Even though Apple has focussed the marketing of the HomePod on its Music features, the HomePod will include Smart Home features, enabling customers to turn on and off such items as lights, blinds, appliances, adjust temperatures, and trigger scenes and events.

HomePod to enable smart home features with HomeKit

Home Kit

Although Apple has spent the last eight months publicly downplaying the HomePod's smart home integration, and focussing the marketing on sound quality, Apple Music compatibility, iTunes, and AirPlay Stereo features, the HomePod will have Siri, and will in part use Siri to talk to HomeKit-enabled devices.

HomeKit is Apple's framework which enables other manufacturers to develop products that talk to Apple's iPhone, iPad, and other Apple products, and pass instructions back and forth.

HomeKit enables you to set one or more than one event to trigger, potentially enabling you to push a button or ask Siri to run a sequence of events, like closing the blinds, turning the lights off, turning on the TV and and starting Netflix (or iTunes Movies, sorry, Tim Cook).

HomePod with HomeKit

HomePod will definitely include HomeKit compatibility, despite Apple downplaying the feature. Apple has a habit of keeping unfinished or imperfect features "semi-secret" or "in-beta" until everything works perfectly.

However, the HomePod was announced in June 2017, was meant to arrive in December 2017, and is now finally going on sale in February or March 2018.

Apple Music, iTunes, AirPlay, and anything music-related within the Apple ecosystem is expected to be working perfectly at launch. Later, we will see the release of AirPlay 2.0, enabling two HomePods to play in stereo, one as a left channel and one as a right channel.

AirPlay 2.0 is also expected to allow simultaneous music playback, playing the same song in different rooms, or playing one song in one room and a different song in another room at the same time. This suggests that AirPlay 2.0 may include multi-channelling, something that is not part of AirPlay 1.0.

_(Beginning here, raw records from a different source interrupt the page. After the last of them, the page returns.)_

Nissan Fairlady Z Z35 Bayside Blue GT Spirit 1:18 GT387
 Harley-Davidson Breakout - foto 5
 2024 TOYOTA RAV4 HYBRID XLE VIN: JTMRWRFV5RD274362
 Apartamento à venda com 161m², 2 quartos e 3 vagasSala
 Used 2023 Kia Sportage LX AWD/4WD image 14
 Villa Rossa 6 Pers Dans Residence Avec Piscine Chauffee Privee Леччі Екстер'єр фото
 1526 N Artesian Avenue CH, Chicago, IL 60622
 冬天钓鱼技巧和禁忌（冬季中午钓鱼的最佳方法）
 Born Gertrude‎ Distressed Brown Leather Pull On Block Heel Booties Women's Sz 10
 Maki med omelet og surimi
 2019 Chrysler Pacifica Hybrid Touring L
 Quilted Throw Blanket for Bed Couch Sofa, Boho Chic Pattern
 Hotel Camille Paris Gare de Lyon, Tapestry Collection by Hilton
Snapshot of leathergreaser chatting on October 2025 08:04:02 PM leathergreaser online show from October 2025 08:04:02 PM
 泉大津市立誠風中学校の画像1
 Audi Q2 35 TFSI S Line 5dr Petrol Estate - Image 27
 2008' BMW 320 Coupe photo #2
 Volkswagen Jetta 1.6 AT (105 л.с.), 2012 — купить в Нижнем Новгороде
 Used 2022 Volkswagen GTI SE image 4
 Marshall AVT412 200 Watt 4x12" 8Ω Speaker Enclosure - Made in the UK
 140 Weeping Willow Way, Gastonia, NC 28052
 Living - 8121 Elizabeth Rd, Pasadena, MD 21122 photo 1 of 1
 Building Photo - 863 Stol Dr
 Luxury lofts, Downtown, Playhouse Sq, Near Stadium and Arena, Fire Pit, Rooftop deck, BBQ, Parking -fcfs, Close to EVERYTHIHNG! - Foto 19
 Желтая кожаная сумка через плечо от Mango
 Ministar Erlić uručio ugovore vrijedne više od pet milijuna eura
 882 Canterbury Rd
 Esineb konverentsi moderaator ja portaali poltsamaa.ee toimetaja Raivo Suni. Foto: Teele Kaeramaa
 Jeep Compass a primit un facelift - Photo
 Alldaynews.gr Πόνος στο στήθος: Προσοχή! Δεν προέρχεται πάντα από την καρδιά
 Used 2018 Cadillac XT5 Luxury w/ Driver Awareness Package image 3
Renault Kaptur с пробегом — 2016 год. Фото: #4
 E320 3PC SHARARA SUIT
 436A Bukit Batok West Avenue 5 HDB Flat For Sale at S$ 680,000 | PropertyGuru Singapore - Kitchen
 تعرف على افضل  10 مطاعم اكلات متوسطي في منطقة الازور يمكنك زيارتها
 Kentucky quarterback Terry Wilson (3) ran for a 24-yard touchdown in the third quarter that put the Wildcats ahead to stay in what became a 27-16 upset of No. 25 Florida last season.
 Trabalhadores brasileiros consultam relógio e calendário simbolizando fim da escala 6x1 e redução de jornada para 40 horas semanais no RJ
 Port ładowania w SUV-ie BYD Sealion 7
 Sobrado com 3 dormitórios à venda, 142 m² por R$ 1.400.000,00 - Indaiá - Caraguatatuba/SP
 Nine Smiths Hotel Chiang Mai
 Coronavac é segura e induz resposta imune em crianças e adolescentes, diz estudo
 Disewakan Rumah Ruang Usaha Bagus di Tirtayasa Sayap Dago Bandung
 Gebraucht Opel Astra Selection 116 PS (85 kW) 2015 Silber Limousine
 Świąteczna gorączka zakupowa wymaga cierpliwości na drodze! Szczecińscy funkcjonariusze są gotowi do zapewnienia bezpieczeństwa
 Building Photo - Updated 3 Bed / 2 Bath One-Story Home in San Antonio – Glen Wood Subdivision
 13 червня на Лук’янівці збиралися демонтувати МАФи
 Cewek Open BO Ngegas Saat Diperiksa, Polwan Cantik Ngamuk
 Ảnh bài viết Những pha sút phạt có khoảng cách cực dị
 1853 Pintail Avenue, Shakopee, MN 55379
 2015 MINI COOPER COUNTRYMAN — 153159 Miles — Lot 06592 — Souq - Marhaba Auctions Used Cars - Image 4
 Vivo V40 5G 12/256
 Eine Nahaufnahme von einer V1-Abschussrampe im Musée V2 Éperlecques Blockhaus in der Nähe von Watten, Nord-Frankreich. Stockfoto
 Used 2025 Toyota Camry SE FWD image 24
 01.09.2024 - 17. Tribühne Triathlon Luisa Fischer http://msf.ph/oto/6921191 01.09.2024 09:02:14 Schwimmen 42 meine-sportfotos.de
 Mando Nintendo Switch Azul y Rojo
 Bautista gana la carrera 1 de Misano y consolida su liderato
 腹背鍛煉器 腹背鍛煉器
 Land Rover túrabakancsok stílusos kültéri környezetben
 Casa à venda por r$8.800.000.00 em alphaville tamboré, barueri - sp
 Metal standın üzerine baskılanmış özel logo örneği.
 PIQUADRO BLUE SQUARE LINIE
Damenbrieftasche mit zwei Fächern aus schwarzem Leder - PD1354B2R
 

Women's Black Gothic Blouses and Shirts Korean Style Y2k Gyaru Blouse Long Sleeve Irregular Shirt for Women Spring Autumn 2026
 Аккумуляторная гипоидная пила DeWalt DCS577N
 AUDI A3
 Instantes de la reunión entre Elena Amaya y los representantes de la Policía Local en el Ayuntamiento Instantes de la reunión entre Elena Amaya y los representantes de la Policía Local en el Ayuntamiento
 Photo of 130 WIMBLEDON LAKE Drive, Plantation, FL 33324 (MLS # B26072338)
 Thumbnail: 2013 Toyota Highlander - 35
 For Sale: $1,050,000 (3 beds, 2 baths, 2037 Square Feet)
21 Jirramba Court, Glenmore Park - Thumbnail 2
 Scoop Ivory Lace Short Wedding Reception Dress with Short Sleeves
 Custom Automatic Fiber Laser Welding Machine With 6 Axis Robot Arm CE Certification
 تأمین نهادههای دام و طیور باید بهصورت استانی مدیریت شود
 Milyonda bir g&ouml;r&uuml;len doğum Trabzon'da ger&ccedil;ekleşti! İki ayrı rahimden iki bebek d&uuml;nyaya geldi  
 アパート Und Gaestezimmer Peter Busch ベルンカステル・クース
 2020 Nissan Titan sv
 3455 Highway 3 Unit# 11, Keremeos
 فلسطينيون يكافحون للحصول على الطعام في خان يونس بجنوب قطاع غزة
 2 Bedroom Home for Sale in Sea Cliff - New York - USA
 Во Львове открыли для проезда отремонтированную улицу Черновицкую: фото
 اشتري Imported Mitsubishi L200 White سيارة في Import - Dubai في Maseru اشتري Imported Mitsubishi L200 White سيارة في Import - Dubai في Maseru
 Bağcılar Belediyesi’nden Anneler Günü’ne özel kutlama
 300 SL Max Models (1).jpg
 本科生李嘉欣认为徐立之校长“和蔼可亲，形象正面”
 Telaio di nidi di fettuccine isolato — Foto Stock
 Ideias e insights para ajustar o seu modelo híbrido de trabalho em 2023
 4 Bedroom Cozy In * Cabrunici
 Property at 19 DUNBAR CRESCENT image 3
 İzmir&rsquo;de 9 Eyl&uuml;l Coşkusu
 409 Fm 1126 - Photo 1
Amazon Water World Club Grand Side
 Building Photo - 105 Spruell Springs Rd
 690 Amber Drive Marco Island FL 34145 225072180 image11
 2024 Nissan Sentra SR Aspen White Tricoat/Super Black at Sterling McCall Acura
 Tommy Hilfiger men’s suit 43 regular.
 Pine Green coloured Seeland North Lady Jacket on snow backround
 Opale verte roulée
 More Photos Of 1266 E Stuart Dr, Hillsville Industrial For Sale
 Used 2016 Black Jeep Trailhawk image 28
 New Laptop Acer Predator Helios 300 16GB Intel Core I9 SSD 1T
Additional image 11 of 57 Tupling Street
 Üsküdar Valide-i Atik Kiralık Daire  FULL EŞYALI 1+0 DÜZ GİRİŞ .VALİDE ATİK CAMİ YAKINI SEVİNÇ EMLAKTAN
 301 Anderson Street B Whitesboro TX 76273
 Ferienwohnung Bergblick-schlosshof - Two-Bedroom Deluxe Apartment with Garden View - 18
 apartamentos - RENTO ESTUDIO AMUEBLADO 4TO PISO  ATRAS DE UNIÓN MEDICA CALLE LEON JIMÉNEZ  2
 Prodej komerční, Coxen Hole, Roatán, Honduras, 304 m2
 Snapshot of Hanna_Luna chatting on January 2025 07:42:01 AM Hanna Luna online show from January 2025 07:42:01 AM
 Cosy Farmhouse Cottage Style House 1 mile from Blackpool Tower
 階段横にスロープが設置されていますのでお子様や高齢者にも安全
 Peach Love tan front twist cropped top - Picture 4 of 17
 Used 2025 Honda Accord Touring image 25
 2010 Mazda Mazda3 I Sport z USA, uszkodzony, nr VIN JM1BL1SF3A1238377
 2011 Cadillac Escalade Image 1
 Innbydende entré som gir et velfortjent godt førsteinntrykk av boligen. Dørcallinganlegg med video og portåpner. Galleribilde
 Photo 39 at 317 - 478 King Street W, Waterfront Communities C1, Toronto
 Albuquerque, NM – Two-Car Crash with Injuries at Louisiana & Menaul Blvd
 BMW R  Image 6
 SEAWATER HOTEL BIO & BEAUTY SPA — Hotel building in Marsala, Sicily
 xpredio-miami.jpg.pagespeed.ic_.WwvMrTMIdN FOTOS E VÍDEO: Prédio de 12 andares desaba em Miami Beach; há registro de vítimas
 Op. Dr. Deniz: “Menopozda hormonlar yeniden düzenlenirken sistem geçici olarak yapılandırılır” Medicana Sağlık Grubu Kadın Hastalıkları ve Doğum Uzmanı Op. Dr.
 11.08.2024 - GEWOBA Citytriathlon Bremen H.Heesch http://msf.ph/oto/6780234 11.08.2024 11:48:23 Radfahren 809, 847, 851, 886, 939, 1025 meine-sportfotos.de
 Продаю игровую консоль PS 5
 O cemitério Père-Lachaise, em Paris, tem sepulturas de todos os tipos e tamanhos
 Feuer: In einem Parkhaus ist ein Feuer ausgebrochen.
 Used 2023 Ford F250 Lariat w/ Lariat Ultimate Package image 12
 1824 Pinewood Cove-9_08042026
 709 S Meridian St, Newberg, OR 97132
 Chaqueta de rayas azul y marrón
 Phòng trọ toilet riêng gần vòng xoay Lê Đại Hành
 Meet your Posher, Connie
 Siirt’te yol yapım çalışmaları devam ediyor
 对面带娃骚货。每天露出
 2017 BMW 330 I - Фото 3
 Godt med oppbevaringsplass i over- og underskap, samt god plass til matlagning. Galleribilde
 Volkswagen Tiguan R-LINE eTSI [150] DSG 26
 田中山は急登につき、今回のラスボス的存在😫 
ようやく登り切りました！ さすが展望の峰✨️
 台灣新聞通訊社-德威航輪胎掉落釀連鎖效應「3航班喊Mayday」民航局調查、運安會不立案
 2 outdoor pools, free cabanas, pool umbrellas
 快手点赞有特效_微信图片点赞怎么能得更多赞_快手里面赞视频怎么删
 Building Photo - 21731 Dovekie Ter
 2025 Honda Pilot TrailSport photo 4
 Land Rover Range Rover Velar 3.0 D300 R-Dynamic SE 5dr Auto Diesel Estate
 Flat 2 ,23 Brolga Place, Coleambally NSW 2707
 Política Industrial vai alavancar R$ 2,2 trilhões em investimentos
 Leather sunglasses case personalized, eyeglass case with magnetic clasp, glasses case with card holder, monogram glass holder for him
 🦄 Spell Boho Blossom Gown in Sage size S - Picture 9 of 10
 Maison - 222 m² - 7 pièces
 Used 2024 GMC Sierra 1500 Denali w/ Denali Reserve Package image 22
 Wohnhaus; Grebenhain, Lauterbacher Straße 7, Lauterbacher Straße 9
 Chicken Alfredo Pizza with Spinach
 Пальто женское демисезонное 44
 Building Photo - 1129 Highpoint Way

Of course, this requires you to buy more than one HomePod, something Apple would love you to do.

Minor Disappointments

Apple has confidently stated that HomePod works with Apple Music and iTunes - but Apple hasn't said that it wont work with Spotify or Pandora, or other services. The assumption is that HomePod works best with Apple Music or Apple iTunes.

However, as HomePod includes Bluetooth 5, it is theoretically possible that if you have Spotify (or another music service) app on your iPhone, that you could connect your iPhone via Bluetooth to a HomePod, and stream Spotify to the HomePod.

Apple of course wants all of your dollars, Pounds, Euros, and Rubels inside Apple's wallet, so will of course make sure that Apple's own features work the best, and everything else is... well... harder to achieve.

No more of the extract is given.